WORK TO BE COMPLETED = Leave out the pictures and retype exactly the lines from the line with "Search for big five home living Wildlife" through the end of the listing below.

▬▬▬

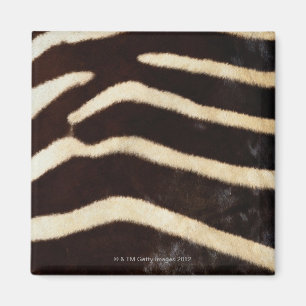 Imã Couro cru da zebra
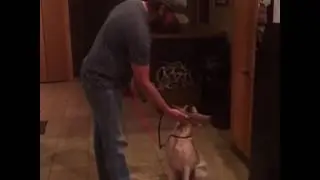 Hold Conditioning vs Force Fetch - Using Positive Dog Training Method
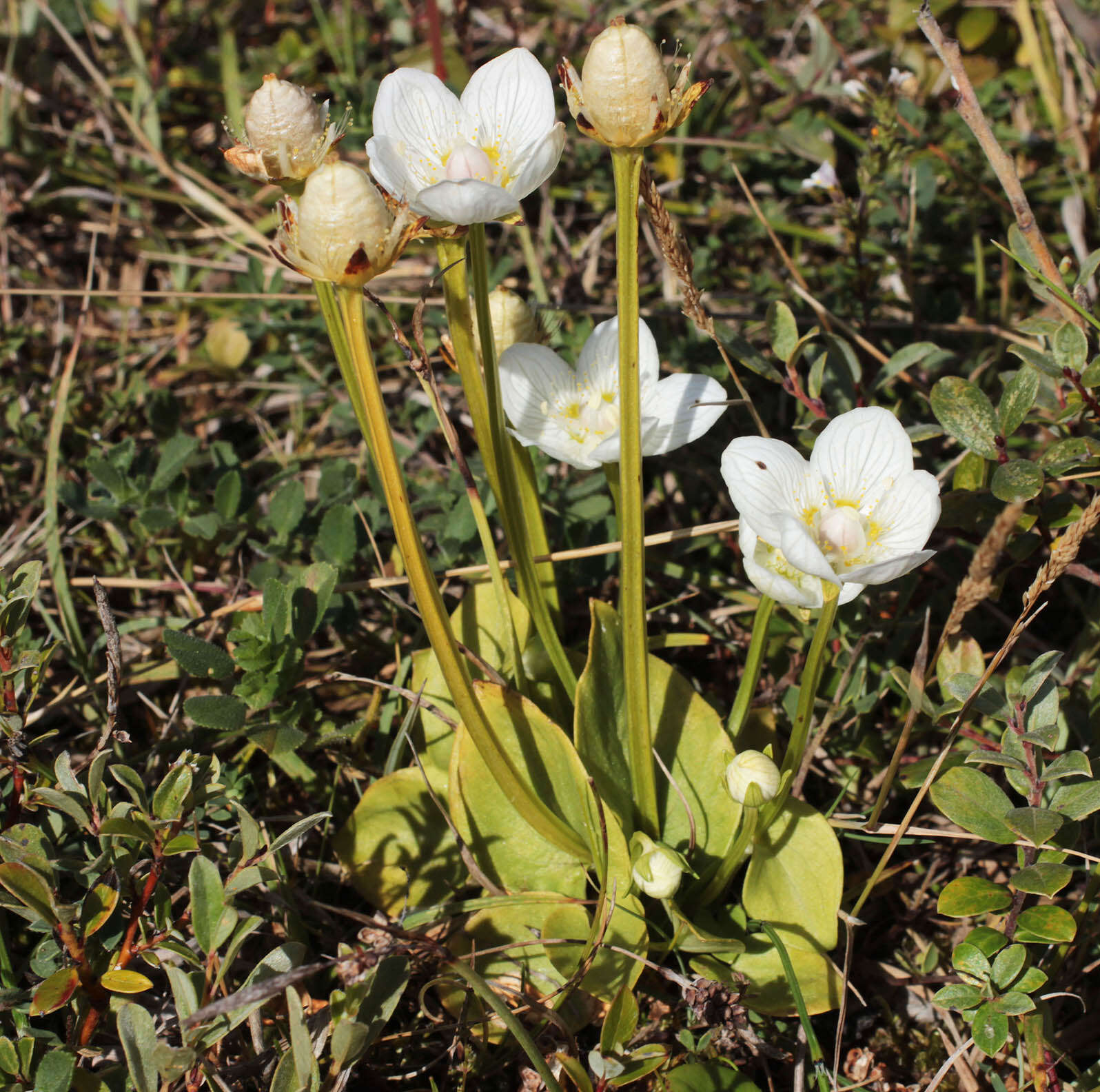Image of Parnassia palustris var. condensata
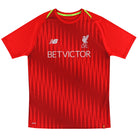 2018-19 Liverpool New Balance Training Shirt L Training Shirt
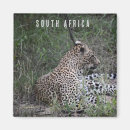 Search for big five home living Wildlife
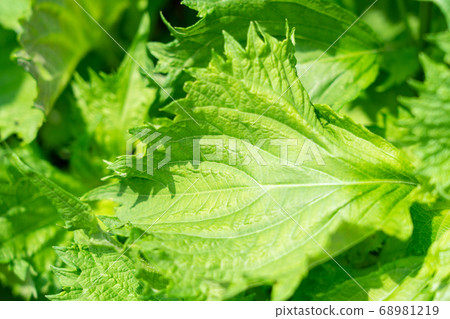 Cultivation of blue shiso (June) Home garden 68981219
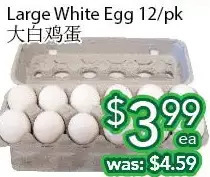 Ample Food Market Large white egg offer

▬▬▬

EXPECTED ANSWER =
 Search for big five home living Wildlife
 Cultivation of blue shiso (June) Home garden 68981219
 Ample Food Market Large white egg offer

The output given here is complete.